God holds back; He hides Himself; He weeps. Why? Because He desires what power can never win. He is a King who wants not subservience, but love. Thus, rather than mowing down Jerusalem, Rome and every other worldly power, He chose the slow hard way of Incarnation, love, and death. A conquest from within.

so often i have heard someone say, and many times have said something akin to, if God can do something about this, why isn’t He? if He’s all powerful, why won’t He change it? He must be mean.

when i think about that line of thought, it has made sense in my head so many times before. but as i see my perspective changing, it begins to unravel. i love how Ivan Karamazov calls the temptation of Jesus “the most stupendous miracle on earth: the miracle of restraint.”
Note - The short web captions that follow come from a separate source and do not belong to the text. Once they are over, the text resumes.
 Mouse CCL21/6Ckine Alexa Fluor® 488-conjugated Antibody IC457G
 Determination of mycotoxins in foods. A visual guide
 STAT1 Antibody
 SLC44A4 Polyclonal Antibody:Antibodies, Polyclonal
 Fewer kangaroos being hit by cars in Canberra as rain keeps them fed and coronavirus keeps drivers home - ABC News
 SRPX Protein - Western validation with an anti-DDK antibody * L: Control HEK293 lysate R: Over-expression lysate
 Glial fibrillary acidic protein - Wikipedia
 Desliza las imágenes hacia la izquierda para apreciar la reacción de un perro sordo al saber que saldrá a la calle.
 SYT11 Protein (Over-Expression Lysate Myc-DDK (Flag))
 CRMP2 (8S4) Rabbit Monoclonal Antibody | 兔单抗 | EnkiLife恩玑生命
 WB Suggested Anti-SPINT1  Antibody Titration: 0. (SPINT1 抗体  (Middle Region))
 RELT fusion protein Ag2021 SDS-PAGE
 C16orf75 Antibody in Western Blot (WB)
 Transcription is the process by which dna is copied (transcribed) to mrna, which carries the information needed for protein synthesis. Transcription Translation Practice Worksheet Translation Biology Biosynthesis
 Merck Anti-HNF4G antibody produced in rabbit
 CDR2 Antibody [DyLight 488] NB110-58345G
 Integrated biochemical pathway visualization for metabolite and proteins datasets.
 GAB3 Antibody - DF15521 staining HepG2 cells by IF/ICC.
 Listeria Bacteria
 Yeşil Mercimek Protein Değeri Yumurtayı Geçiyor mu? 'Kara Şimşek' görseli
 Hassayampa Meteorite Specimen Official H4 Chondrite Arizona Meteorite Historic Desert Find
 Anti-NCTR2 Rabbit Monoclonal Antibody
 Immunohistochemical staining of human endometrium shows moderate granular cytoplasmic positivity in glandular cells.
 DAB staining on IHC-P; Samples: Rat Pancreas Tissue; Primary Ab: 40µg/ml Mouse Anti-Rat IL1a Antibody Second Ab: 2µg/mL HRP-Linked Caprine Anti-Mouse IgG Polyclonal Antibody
so often i think we limit our perspective to what we can see and understand. we limit our understanding to our experience. we limit ourselves to our finite wisdom. all the while, we have a God who is beyond our understanding and wisdom and experience. not only does He have experience being God, but He has also experienced being man. His foolishness is wiser than our wisdom. He can see and understand everything simultaneously.

so why does it still seem so dismal sometimes…because He desires what power can never win…love. He desires love and power can never make someone love someone else. power can’t soften hearts. power doesn’t draw people in to a loving relationship.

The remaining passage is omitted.